The Dashboard gives you an excellent summary of your state of play, enabling you to quickly see totals, charts and trends on sales, revenue, upgrades and downloads for one or all of your applications. After installing AppViz you simply provide it with your iTunes Connect username and password and it can do the rest. When you want to see the latest stats, you just fire AppViz up, tap Command-i and it will go off and find any new sales reports for all your applications. You can also import any reports you have already saved to disk directly from file if you have them.
The Dashboard provides a great summary, but if you would really like to dig down to specific data, the Graphs tab gives you the power to do so, allowing graphing Sales or Geography (with a map and pie chart), Revenue, Downloads and Upgrades by any date range and country.
To see the original, individual Apple-provided reports all nicely presented in a grid that can be sorted, the Reports tab gives you an easy user interface to access it all. If you do want to do your own manipulation of the raw data, AppViz has an Export function to write these original reports out as a file for loading into a spreadsheet.
Finally, AppViz can download App Store reviews from all iTunes stores. This lets you easily stay on top of your App’s user feedback. If a user edits their review, AppViz will update it accordingly, too. Being able to sort the reviews by the date that they were downloaded just makes it too easy to see what’s new at a glance.
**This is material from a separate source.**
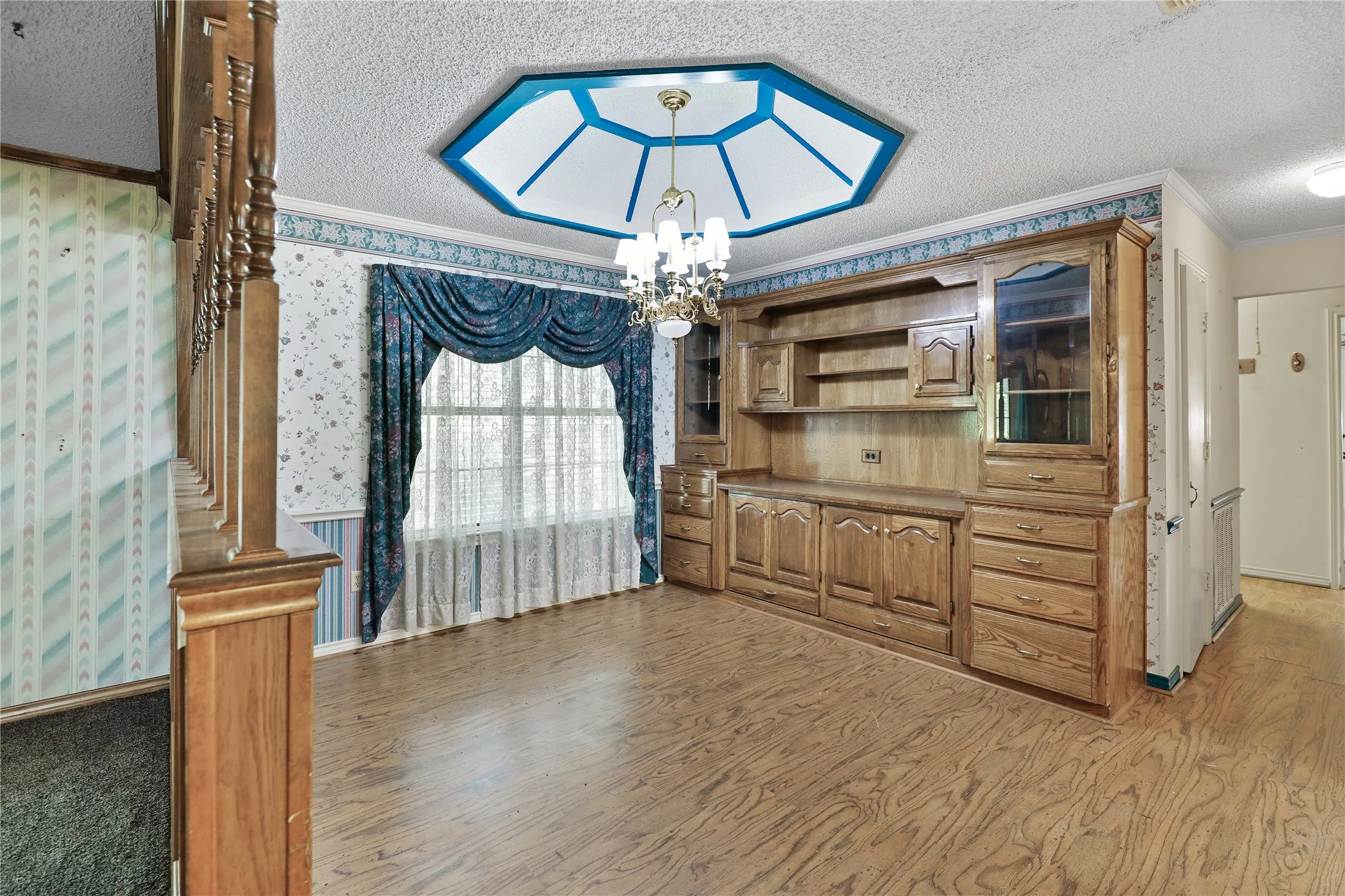 Single Family Residence For Sale in Collin County , 302 Wilcoxson Street, Farmersville, Texas 75442, 4 Bedroom, 3 Bathroom, Garage spaces, 3,189 Sqft, built in 1977, Preowned, mls#21197995, Real Estate Agent in Farmersville, Homes For Sale in Collin county, Homes For Sale in Farmersville, Realtor in Farmersville Texas, Real Estate Brokerage Independent Realty Texas, Luminita Cordes Realtor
AppViz is $29.95 and a free, 30-day trial is available. I’m currently halfway through my trial and have been extremely impressed by the functional utility provided, as it’s letting me focus my time on more enjoyable things. In the 15 days that I’ve trailed so far, AppViz has had two updates (provided by way of the standard Check For Updates menu option) and is in rapid development, taking note of comments from existing customers. I’m looking forward to seeing what other great timesaving functionality will be included in the future.